What amazes me is that *most* people come out of that period, get their sh1t together and turn out to be the most fascinating, riveting amazing people ... (that includes you!)
I made it to my prom ... yippee! It was nothing great. My date left early to go hang out with his girlfriend (don't ask) and I partied HARD with my friends ... I also won the Golden Shovel award ... I guess I was full of crap even back then *wink*
I cannot imagine what you went through, I'm sorry to hear about the loss of your mom.
This blog prom sounds really fun! I might have to participate! :)
I know what you mean about wasting time since your mother's death. I still have so much "stuff" going on in my head, that I've wasted a lot of years living in fear. So awful. Need to start healing! And some therapy! Blogging tends to do some of that for me, though!
What a terrific post, Janet! Very well written.
About not going to prom, I bet you had more fun than the people who did go. It's a very overrated activity.
Party on Wonder Mom!
I would be honored if you'd be my date. Though you might want to wait until you see the pictures...it was the 80's.
As painful as the memory of that time is--and I'm humbled that you'd even reflect on it for this--I hope you can see what you HAVE made of yourself. You ARE something!
So my dear ladies...if you and SF would do me the honor, I'd love it if you'd dance with me.
Party on Wonder Mom!
I would be honored if you'd be my date. Though you might want to wait until you see the pictures...it was the 80's.
As painful as the memory of that time is--and I'm humbled that you'd even reflect on it for this--I hope you can see what you HAVE made of yourself. You ARE something!
So my dear ladies...if you and SF would do me the honor, I'd love it if you'd dance with me.
(((you)))
(I love how you used the word "anus" for your ex!)

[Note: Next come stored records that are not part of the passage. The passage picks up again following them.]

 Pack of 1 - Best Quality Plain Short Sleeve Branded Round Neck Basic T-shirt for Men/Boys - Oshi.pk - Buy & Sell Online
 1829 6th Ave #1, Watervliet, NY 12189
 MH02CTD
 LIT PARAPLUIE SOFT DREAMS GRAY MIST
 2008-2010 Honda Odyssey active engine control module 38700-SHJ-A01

Save a dance for me!!!!!!!!!
Oh my...a post with the words 'anus' and 'douchebag' in it -- the sailor in me is going berserk.
I never went to my prom either. I got comfortable with a bottle of Southern Comfort instead.
I didn't know you lost your mom. I can relate, and empathize, and feel that ache I'm sure you had.
http://confessionsofanewmommy.blogspot.com/2007/03/id-like-to-thank-academy.html
You've been tagged! ;)
I went to my grad, we didn't have proms. Yes, I'm that old!. Wasn't anything great, wore the same dress that I'd worn to my grade nine grad.
Must have been awful to lose your mom so young. I think I would have been pretty lost.
I don't think you lost any time, I think you were doing exactly what you needed to do.
High school and Prom are WAY overrated!
Sorry to hear about your mom.
I don't think missing the prom has scarred you too badly! I think you are a pretty cool chick!
I say go with Mamma and shake your money maker to Ricky Martin songs!